Sword of Vermilion
Sword of Vermilion is a fantasy action role-playing video game developed and published by Sega for the Genesis on 1989-12-16. The game uses a multi-perspective approach which includes top-down exploration for towns, first person exploration for outside and dungeons, a top-down view for combat, and side-view combat for bosses.
Erik, King of Excalabria, and Tsarkon, King of Cartahena sought out the 16 rings of power to try and tame the evils of the land. However, upon discovering how powerful the rings made him, Tsarkon attacked his friend Erik and conquered his kingdom. Before he was killed, King Erik entrusted his newborn son to his body guard, Blade who escaped with the child and settled in a far away village to raise the boy to become a strong fighter. 18 years passed and Blade raised the child as his own son to become a strong fighter. On the day Blade died, he explains to the young man his true identity. King Tsarkon still has the eight rings of evil, but he has scattered the eight rings of good throughout the land to prevent them from ever being brought together against him. You must seek out the eight rings, and confront the dreaded King Tsarkon to avenge your father.
While trying to better acclimate myself to the Genesis catalog, I found this game on a list of good early titles for the system, so I started playing it. I wasn't very impressed by it, but it was interesting enough to keep playing. I finished it on 2020-04-20.
I don't own this game, but I have beaten it.
Best Version: Genesis
— This section contains spoilers! —
- The game takes a lot of design risks to make it stand out from traditional RPGs. While I don't think the risks paid off, I do have to give the designers credit for trying something unique.
- The graphics are pretty good for 1989. The boss monsters, in particular, are drawn quite well.
- The music is decent enough. There are a couple tracks that are quite nice.
- The game has a couple side-quests which were rare in RPGs at the time.
- The story is pretty lame.
- The first-person view used on the overworld and in dungeons was an attractive feature in 1989, but it doesn't really help game play. There aren't enough textures and sprites to make it useful for navigation, so you mostly just stare at the top-down map the whole time you play. It seems to only be interesting for someone watching.

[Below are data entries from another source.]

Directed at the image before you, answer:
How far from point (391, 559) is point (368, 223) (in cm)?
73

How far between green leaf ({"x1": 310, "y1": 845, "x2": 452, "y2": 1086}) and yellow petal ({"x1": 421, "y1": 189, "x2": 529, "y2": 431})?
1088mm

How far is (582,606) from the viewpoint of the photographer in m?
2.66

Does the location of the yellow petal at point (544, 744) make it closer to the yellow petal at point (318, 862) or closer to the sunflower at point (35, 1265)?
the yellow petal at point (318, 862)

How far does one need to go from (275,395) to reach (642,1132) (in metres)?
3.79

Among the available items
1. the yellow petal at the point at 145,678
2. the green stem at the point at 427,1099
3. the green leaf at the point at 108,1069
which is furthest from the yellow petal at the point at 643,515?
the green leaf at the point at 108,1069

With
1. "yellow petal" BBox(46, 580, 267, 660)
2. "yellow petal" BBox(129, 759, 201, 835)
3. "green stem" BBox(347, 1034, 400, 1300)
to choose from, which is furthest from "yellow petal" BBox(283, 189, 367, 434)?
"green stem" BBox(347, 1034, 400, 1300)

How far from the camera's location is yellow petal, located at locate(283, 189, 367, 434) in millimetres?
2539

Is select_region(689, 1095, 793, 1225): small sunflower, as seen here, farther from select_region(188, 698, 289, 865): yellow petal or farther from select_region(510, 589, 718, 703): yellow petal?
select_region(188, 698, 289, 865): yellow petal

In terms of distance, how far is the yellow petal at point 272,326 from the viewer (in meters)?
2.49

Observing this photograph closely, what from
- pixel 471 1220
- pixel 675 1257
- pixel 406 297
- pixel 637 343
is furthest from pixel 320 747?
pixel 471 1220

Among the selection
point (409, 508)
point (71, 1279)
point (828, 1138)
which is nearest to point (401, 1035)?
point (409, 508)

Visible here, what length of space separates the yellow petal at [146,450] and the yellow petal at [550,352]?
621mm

- Finding maps starts out as an interesting side-quest, but quickly becomes obnoxious requiring you to speak to every NPC multiple times to eventually find them. It's even worse in dungeons where you're shrouded in darkness until you stumble upon it. It would have been nice if the developers added a more powerful illumination spell.
- Saving should be done at the inn, like with most RPGs, I don't like having to make two stops every time.

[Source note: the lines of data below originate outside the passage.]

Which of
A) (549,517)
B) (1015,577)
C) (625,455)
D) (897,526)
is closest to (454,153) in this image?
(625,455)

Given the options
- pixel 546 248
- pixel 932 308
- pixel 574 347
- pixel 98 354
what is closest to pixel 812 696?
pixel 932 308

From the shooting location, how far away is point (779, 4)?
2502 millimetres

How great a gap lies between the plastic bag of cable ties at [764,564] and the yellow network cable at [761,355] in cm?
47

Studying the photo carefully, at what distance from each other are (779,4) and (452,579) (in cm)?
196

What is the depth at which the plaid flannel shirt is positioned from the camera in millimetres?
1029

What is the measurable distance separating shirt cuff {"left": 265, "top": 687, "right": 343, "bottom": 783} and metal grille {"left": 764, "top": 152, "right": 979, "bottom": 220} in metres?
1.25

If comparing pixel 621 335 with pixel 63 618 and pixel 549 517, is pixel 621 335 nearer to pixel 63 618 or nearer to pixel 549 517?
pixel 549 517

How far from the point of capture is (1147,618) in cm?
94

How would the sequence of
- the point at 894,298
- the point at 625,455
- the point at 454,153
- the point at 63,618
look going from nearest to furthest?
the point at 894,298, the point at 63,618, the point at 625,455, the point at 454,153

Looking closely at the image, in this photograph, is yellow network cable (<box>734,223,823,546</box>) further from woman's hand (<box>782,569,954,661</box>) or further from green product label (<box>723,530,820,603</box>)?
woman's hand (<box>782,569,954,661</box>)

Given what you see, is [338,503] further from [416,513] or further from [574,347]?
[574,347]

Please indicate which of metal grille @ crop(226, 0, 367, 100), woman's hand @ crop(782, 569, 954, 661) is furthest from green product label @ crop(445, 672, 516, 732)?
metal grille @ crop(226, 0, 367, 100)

- Some of the music, even though it's good, uses electric guitar and hand-clapping, which doesn't fit the fantasy genre at all.
- It's odd to hear the same death cry for every type of monster including kobolds, skeletons, wizards, and even slimes!

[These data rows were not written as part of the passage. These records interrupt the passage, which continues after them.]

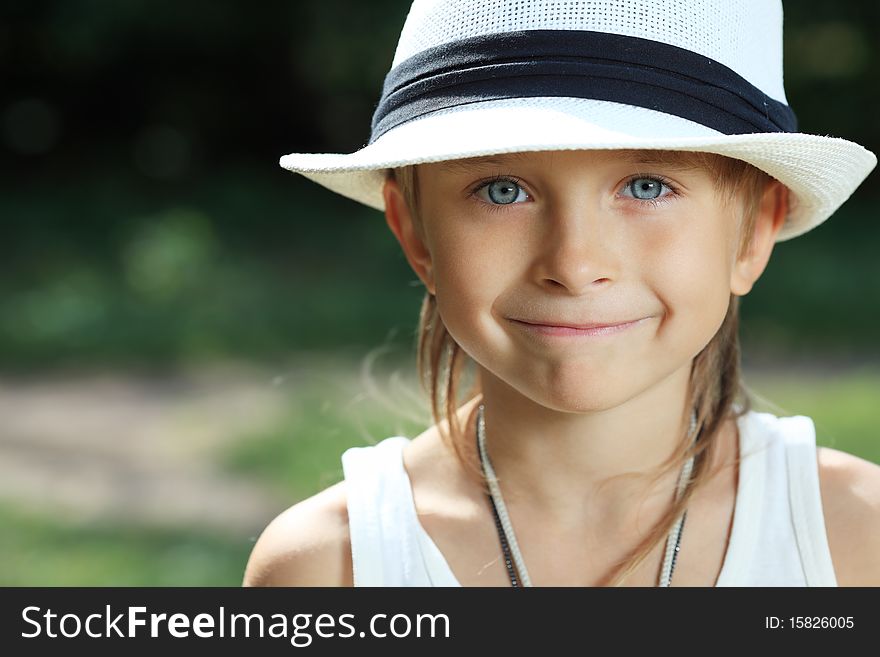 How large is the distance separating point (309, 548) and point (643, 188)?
29.0 inches

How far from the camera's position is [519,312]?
5.26 ft

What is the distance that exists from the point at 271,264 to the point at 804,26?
3.68m

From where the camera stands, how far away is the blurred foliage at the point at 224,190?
19.7 ft

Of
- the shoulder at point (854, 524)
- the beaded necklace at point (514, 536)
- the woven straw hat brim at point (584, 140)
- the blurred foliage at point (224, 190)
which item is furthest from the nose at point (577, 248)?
the blurred foliage at point (224, 190)

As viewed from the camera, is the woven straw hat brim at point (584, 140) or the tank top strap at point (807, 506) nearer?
the woven straw hat brim at point (584, 140)

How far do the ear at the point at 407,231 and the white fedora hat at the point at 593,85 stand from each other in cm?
17

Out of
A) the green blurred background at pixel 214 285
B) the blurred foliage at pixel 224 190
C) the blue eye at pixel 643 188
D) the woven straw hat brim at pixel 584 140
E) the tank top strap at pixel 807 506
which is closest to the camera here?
the woven straw hat brim at pixel 584 140

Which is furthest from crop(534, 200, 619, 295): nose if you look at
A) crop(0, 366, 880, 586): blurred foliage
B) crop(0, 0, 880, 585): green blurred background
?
crop(0, 366, 880, 586): blurred foliage

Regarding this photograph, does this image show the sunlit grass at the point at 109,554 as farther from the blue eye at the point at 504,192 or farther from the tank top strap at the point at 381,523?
the blue eye at the point at 504,192

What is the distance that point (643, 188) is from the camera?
1.59 metres

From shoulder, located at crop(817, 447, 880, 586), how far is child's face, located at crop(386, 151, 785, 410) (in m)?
0.36

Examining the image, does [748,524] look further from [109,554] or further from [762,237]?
[109,554]
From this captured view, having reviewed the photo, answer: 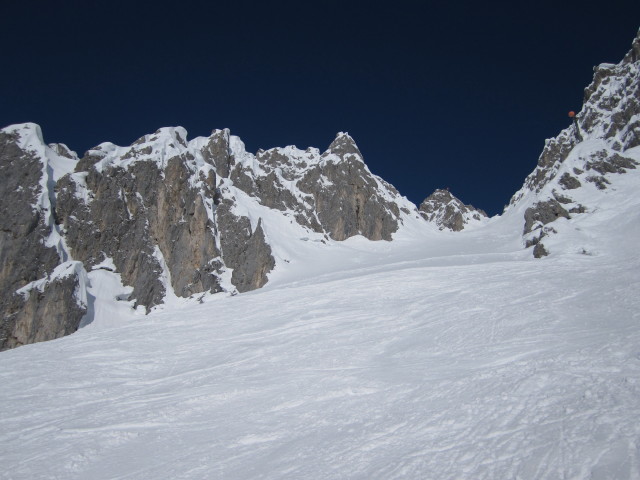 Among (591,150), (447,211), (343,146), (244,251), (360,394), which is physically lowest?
(360,394)

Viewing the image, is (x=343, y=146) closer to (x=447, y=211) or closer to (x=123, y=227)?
(x=447, y=211)

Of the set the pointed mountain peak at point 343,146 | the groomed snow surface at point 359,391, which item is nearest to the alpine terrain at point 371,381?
the groomed snow surface at point 359,391

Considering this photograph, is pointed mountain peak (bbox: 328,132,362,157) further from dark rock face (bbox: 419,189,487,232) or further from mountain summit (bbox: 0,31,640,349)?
dark rock face (bbox: 419,189,487,232)

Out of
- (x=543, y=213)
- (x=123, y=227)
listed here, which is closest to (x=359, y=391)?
(x=543, y=213)

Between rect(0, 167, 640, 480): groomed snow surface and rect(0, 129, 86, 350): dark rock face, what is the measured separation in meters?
43.5

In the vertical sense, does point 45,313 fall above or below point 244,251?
below

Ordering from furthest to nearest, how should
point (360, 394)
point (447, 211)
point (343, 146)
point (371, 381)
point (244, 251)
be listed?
point (447, 211) → point (343, 146) → point (244, 251) → point (371, 381) → point (360, 394)

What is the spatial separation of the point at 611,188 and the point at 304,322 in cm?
5162

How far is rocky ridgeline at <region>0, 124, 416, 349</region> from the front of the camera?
57469mm

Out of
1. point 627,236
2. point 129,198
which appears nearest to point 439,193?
point 129,198

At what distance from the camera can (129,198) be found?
7325 cm

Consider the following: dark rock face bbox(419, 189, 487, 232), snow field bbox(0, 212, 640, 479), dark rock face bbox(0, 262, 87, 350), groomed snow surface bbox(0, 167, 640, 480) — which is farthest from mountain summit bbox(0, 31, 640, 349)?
dark rock face bbox(419, 189, 487, 232)

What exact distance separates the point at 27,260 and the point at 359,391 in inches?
2550

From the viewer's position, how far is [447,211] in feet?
417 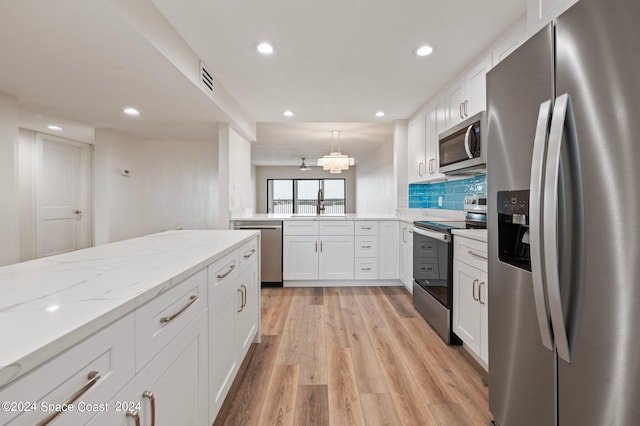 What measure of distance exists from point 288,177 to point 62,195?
656 cm

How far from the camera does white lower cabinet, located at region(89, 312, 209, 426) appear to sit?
28.0 inches

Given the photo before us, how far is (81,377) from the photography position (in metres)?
0.58

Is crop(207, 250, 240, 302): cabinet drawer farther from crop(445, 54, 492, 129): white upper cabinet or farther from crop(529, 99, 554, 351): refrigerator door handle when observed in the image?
crop(445, 54, 492, 129): white upper cabinet

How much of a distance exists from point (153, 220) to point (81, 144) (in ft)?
5.98

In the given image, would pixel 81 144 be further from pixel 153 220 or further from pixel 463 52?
pixel 463 52

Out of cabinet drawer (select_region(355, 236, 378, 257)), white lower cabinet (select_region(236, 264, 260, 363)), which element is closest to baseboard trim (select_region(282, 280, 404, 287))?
cabinet drawer (select_region(355, 236, 378, 257))

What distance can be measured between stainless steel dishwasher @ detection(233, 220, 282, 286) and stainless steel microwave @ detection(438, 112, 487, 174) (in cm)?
217

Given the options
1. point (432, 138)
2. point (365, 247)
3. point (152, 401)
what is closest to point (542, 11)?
point (152, 401)

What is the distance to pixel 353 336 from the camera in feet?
8.05

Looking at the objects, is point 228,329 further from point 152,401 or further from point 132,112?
point 132,112

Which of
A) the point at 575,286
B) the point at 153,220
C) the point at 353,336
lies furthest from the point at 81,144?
the point at 575,286

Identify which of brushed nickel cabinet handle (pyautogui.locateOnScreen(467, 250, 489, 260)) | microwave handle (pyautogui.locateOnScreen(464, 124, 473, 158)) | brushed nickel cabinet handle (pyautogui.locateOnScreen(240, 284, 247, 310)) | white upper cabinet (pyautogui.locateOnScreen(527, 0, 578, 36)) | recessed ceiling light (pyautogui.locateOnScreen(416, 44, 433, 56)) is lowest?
brushed nickel cabinet handle (pyautogui.locateOnScreen(240, 284, 247, 310))

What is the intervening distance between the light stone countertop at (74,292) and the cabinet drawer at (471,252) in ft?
4.99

- It isn't enough to open a chest, you have to remember to take its contents as well. For the first five chests or so that I encountered, I assumed you automatically picked up the items because, why wouldn't you want them, and I missed several items that I didn't feel like backtracking to get.
- Much like in real life, the information given to you by fortune tellers is so vague, it's a waste of money. The NPCs you encounter on the overworld never have anything important to say either.
- The programmers took advantage of palette swapping for the enemies, so they knew how to use it, but it would have been nice if they did the same for the player's armor, sword, and shield to match what you've equipped.
- The Aerios spell is vastly superior to all other attack spells. Even late in the game, it's powerful enough to kill most of the enemies in battle with a single use. Once you get this spell, you can very easily grind out levels.
- The game has a level cap of 31 which is pretty annoying. It prevents you from becoming more powerful, so combat loses all benefit late in the game.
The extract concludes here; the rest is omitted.